Puis, les Dampfnudeln (spécialité alsacienne) arrivent farcies de poireaux (clin d’œil local) et accompagnées d’un divin bouillon (là, c’est l’Asie). Délicieusement régressif. La pastèque rôtie souligne ensuite un thon en lamelles idéalement saisies. C’est original et délectable, comme un vitello tonnato magnifié, servi chaud: on chavire. Le dormeur, lui, arrive décliné en trio. En ravioles belles et fines comme du papier florentin d’abord, dont la transparence laisse apparaître de délicates feuilles de coriandre. En gyozas parfumés à la citronnelle ensuite, théâtralement dressés sur la carapace du crabe, qui elle-même couvre une émulsion de bisque d’une intense profondeur où des perles du Japon barbotent avec bonheur. Puis on savoure la tartelette fine de légumes, un petit chef-d’œuvre tiède et gourmand, assortie d’une vinaigrette de miel et d’estragon. Une merveille.
Mais le meilleur reste encore à venir avec ce rouget sublimé, hérissé de ses écailles soufflées et escorté d’une tranchette juste croquante que des gouttelettes de mayonnaise enchantent en une sorte de pissaladière de conte de fées. Côté terre, le foie gras anoblit les lentilles beluga en espuma. Cette dernière cache un flan de soja soyeux à tomber par terre. Puis le ris de veau arrive à la fois croustillant et moelleux, en bien nommé «velours d’herbes» où se complaisent de jolies girolles clou. Et la volaille pattes noires de la Belle Luce, en Gruyère, est rôtie «comme un dimanche en famille»… mais pas n’importe quelle famille! La chair est fine, les apprêts délicats et la sauce irrésistible, digne d’une table de roi.
Pour annoncer le fromage, un croûton au gruyère caramel est flambé au kirsch à la table, et développe les arômes d’une fondue, mais en version dégustation. Le gruyère revient ensuite en espuma sur de la glace à la poire et sa compotée.

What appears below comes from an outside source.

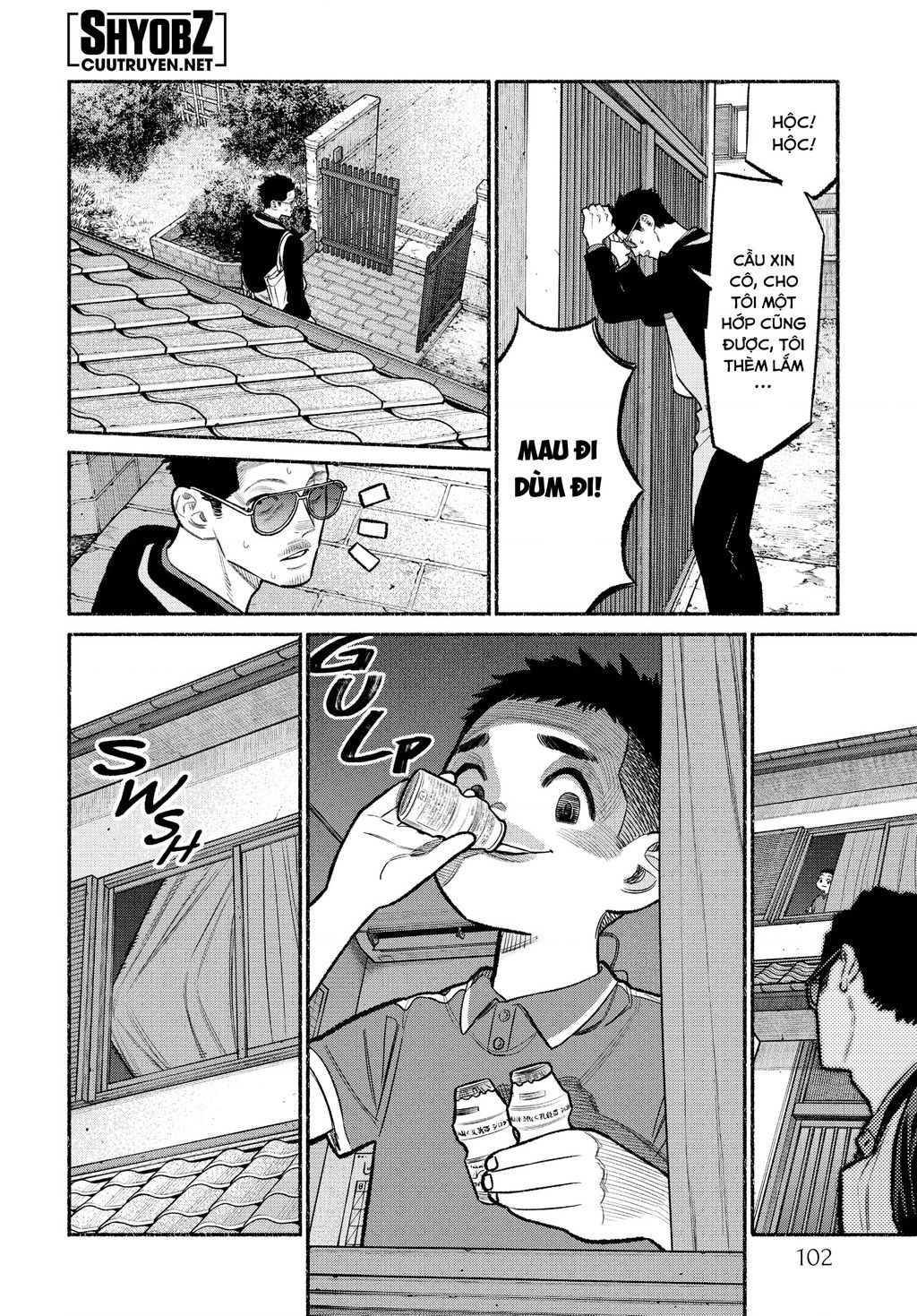 Ông Chồng Yakuza Nội Trợ Chapter 97 - Trang 9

Le jeu de textures est subtil, la douceur et le froid du fruit dominent cependant l’aérienne composition. En dessert, on craque pour le soufflé chocolat-tonka ou pour la pomme verte en nuage à la vanille de Tahiti.

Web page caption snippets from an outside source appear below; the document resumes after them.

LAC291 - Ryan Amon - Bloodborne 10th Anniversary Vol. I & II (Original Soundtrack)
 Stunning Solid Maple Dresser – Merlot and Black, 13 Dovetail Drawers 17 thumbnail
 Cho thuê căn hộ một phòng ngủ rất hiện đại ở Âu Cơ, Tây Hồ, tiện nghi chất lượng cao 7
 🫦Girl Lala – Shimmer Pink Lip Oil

La cuisine voyageuse de Franck Pelux dénote une maîtrise remarquable des cuissons et des associations, elle fourmille d’idées, au point qu’il ne manque peut-être à l’ensemble qu’un fil rouge plus évident. Mais quand même, les 16 points s’imposent pour ces menus délectables que Sarah Pages, la sommelière, accompagne d’excellents vins parfois rares, toujours choisis avec un infini doigté. Et ce n’est pas tout: Franck Pelux est notre «Découverte de l’année» 2021.